§ **Instructions for the task**
Repeat every line below exactly as it reads.

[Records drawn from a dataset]

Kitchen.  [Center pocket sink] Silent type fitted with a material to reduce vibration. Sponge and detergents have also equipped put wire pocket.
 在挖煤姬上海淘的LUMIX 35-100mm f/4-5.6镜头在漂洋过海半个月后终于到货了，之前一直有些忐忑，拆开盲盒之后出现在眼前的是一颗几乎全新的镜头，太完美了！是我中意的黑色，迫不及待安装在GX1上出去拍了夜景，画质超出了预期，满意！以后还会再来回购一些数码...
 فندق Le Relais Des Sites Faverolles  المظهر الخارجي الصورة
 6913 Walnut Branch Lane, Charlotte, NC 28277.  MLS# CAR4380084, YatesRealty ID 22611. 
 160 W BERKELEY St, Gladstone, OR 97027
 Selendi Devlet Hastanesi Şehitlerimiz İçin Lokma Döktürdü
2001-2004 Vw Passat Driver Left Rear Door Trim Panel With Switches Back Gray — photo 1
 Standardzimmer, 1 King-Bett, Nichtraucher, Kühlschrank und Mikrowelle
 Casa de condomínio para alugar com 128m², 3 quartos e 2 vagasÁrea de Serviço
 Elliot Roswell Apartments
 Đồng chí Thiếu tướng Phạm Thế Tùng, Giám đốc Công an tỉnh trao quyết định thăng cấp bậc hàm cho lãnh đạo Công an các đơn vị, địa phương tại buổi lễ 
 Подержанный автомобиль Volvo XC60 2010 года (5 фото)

§ **Answer**
Kitchen.  [Center pocket sink] Silent type fitted with a material to reduce vibration. Sponge and detergents have also equipped put wire pocket.
 在挖煤姬上海淘的LUMIX 35-100mm f/4-5.6镜头在漂洋过海半个月后终于到货了，之前一直有些忐忑，拆开盲盒之后出现在眼前的是一颗几乎全新的镜头，太完美了！是我中意的黑色，迫不及待安装在GX1上出去拍了夜景，画质超出了预期，满意！以后还会再来回购一些数码...
 فندق Le Relais Des Sites Faverolles  المظهر الخارجي الصورة
 6913 Walnut Branch Lane, Charlotte, NC 28277.  MLS# CAR4380084, YatesRealty ID 22611. 
 160 W BERKELEY St, Gladstone, OR 97027
 Selendi Devlet Hastanesi Şehitlerimiz İçin Lokma Döktürdü
2001-2004 Vw Passat Driver Left Rear Door Trim Panel With Switches Back Gray — photo 1
 Standardzimmer, 1 King-Bett, Nichtraucher, Kühlschrank und Mikrowelle
 Casa de condomínio para alugar com 128m², 3 quartos e 2 vagasÁrea de Serviço
 Elliot Roswell Apartments
 Đồng chí Thiếu tướng Phạm Thế Tùng, Giám đốc Công an tỉnh trao quyết định thăng cấp bậc hàm cho lãnh đạo Công an các đơn vị, địa phương tại buổi lễ 
 Подержанный автомобиль Volvo XC60 2010 года (5 фото)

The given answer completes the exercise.